Let $f : \Bbb{R}^n \to \Bbb{R}$ and define
$$
G := \{(x,f(x)) \mid x \in \Bbb{R}^n\},
$$
the graph of $f$. Observe that $G$ is closed, hence measurable.
By the Fubini-Tonelli theorem, applied to the characteristic function/indicator function $\chi_G$ of $G$, we see
$$
\lambda_{n+1}(G) = \int_{\Bbb{R}^{n+1}} \chi_G (x,y) d(x,y) = \int_{\Bbb{R}^n} \int_\Bbb{R} \chi_G (x,y) \, dy \, dx = \int_{\Bbb{R}^n} 0 \, dx = 0,
$$
where the step before the last used that $\chi_G (x,y) \neq 0$ implies $(x,y) \in G$ and hence $y = f(x)$, so that $\chi_G (x,y) = 0$ for all $y \neq f(x)$ and hence in particular for almost all $y \in \Bbb{R}$, so that $\int_\Bbb{R} \chi_G (x,y) dy = 0$.

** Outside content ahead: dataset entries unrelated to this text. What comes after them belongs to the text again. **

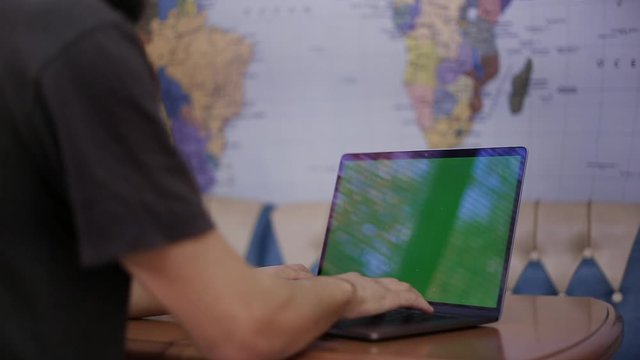 Close-up of male hands typing at laptop, background of world map.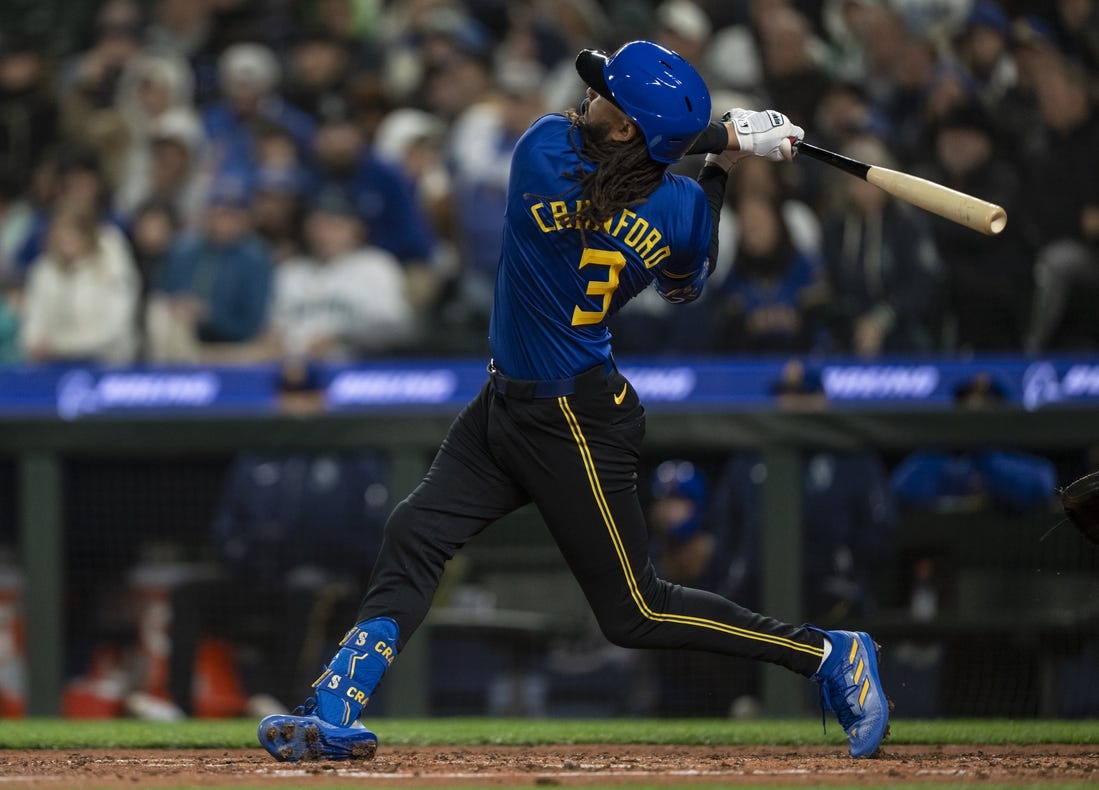 Mar 29, 2024; Seattle, Washington, USA; Seattle Mariners shortstop J.P. Crawford (3) hits a solo home run during the sixth inning against the Boston Red Sox at T-Mobile Park. Mandatory Credit: Stephen Brashear-USA TODAY Sports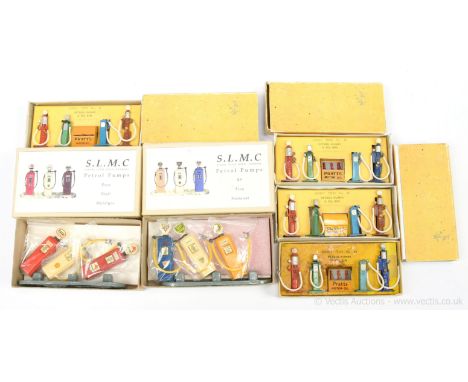 Dinky 49 Petrol Pump Sets a group of 4 each containing Oil Bin and 4 x Petrol Pumps - conditions are generally Fair to Good P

EDIT: Note that we did use the continuity of $f$ only to conclude that $G$ is indeed measurable. This is the case as soon as $f$ is (Borel/Lebesgue) measurable.
This isn't really relevant to this specific problem, but I just want to add that this result is still true for any Borel-measurable function. This is realized as a trivial consequence of Fubini's Theorem.
Let $m_1$ and $m_2$ denote 1- and 2-dimensional Lebesgue measure, respectively, and let $f: \mathbb{R} \to \mathbb{R}$ be measurable. Then $$ m_2(G_f) = \int_{\mathbb{R}^2} 1_{G_f} dm_2 = \int_{\mathbb{R}} \int_{\mathbb{R}} 1_{G_f}(x,y) dy dx = \int_{\mathbb{R}} m_1(\{ f(x) \}) dx = \int_{\mathbb{R}} 0 dx = 0$$
Best Answer
First assume that $A$ is compact; then $f$ is uniformly continuous on $A$.
Hence fix an $\epsilon$ and pick a $\epsilon_1$ to be decided later so that for some $\epsilon_2$, we have that any $|x-y| < \delta$ implies that $|f(x)-f(y)|< \epsilon$.
Now, note that the measure of the graph of $f$, denoted by $|\Gamma(f)|$, has bound $$|\Gamma(f)| \leq 2 \epsilon |B(0, \delta)| N(\delta)$$ Where $N(\delta)$ denotes the number of balls with radius $\delta$ it takes to cover $A$ and $|B(0,\delta)|$ is the measure of the ball of radius $\delta$ in n dimensions.
Recall that $|B(0,\delta)| \leq C \delta^n$. Also, if $A$ has side lengths $l_i$ in dimension $i$, then $$N(\delta) \leq C \prod_{i=1}^n \frac{l_i}{\delta}$$ (I threw in the constant because I may have been a little sloppy with that bound) Thus $$|\Gamma(f)| \leq 2 K \epsilon$$ for some constant $K$. But $\epsilon$ was arbitrary, hence the result.
For general $A$, since $|\Gamma(f)| = 0$ on every compact $A_n$, $|\Gamma(f)| = 0$.